WORK ITEM: Every line below needs to be printed again exactly, without any of its pictures.

AVAILABLE DATA:
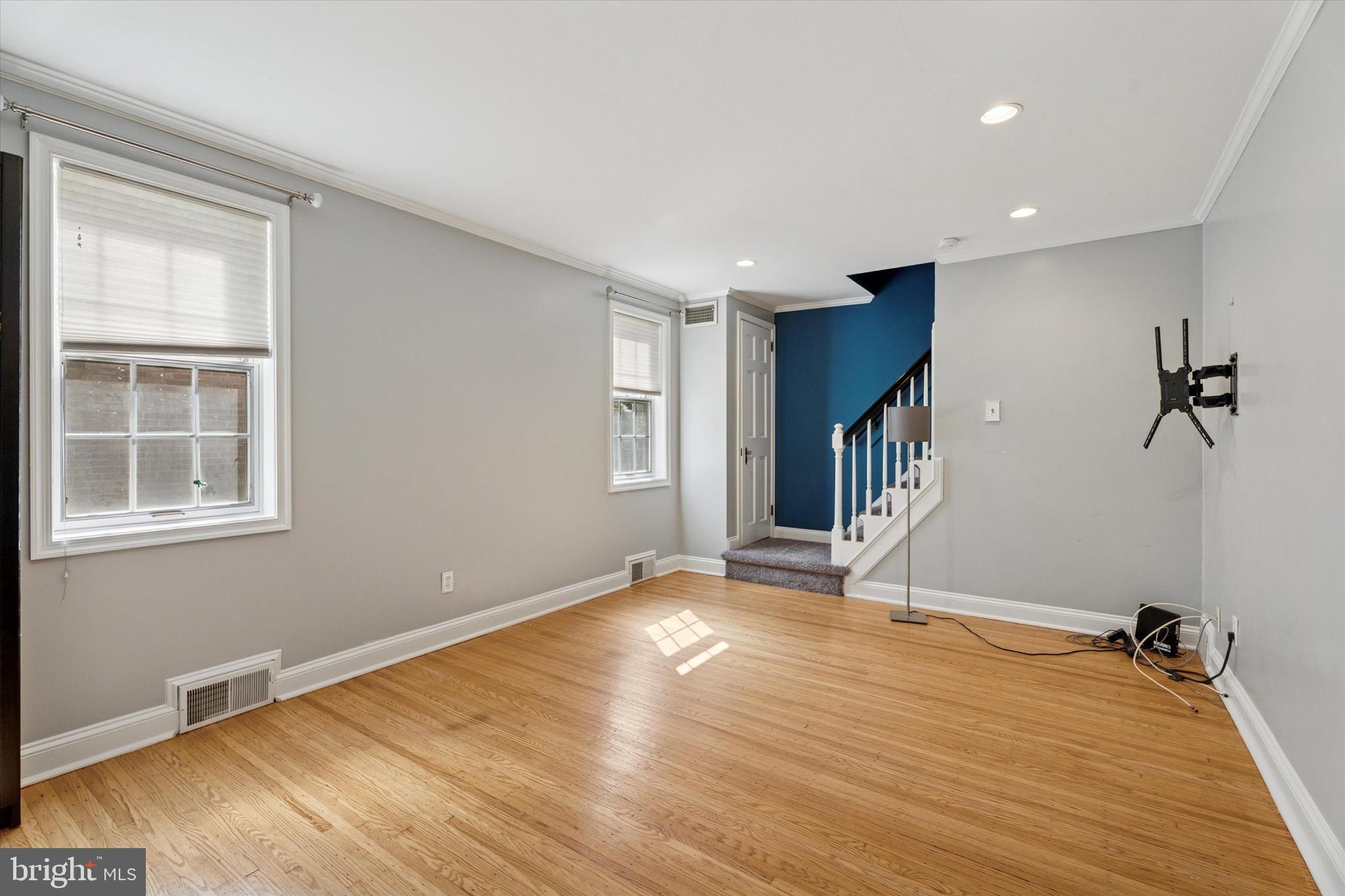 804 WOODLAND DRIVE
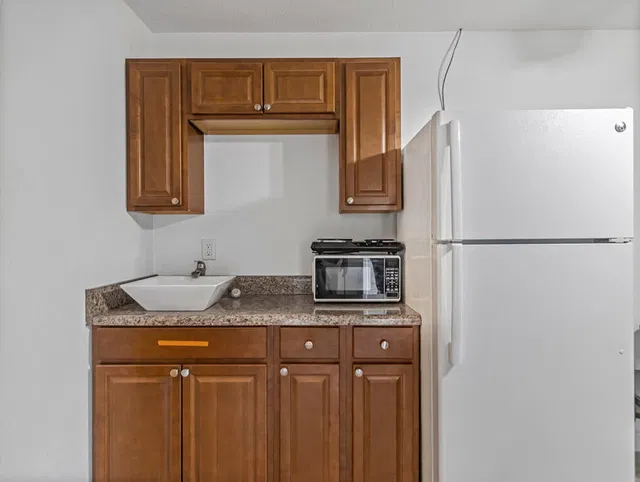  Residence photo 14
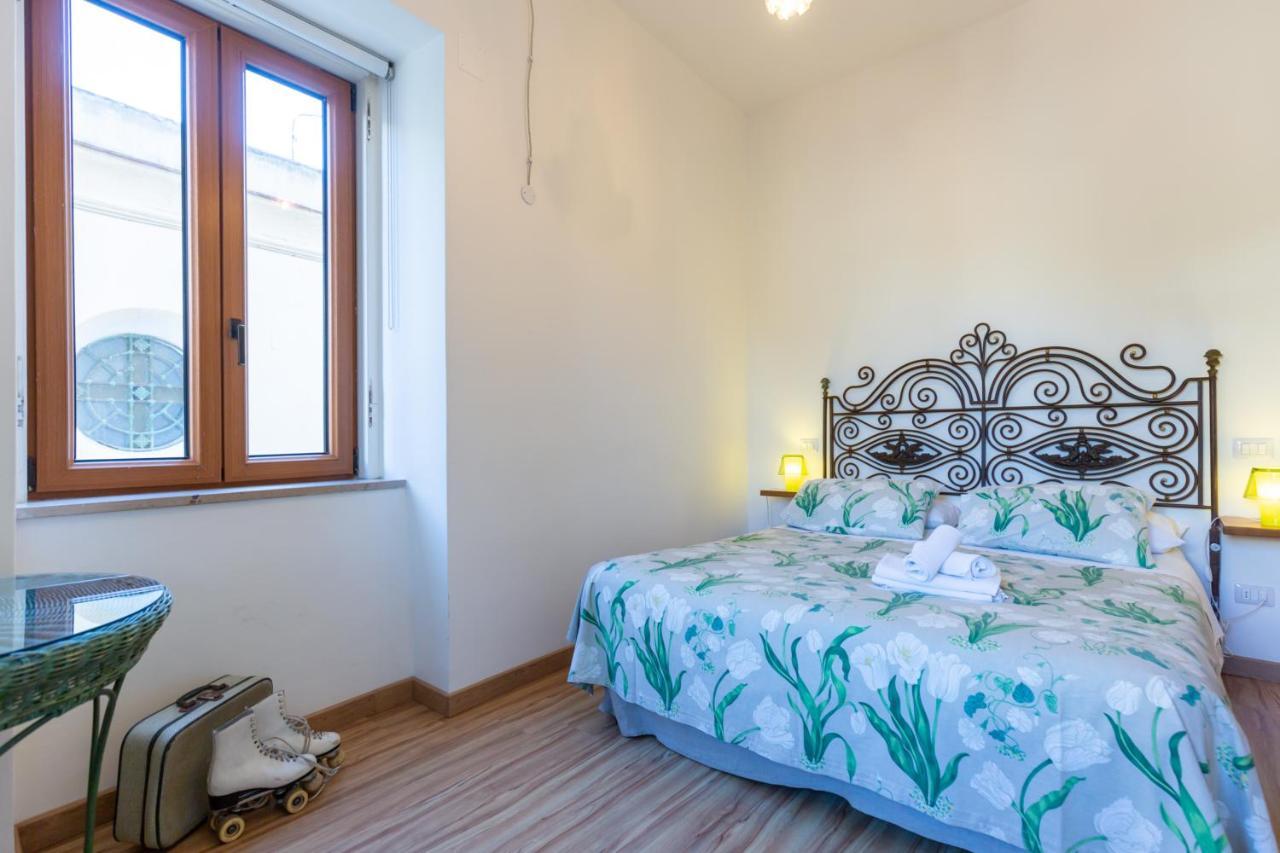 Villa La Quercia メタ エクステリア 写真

COMPLETED EXERCISE:
 804 WOODLAND DRIVE
  Residence photo 14
 Villa La Quercia メタ エクステリア 写真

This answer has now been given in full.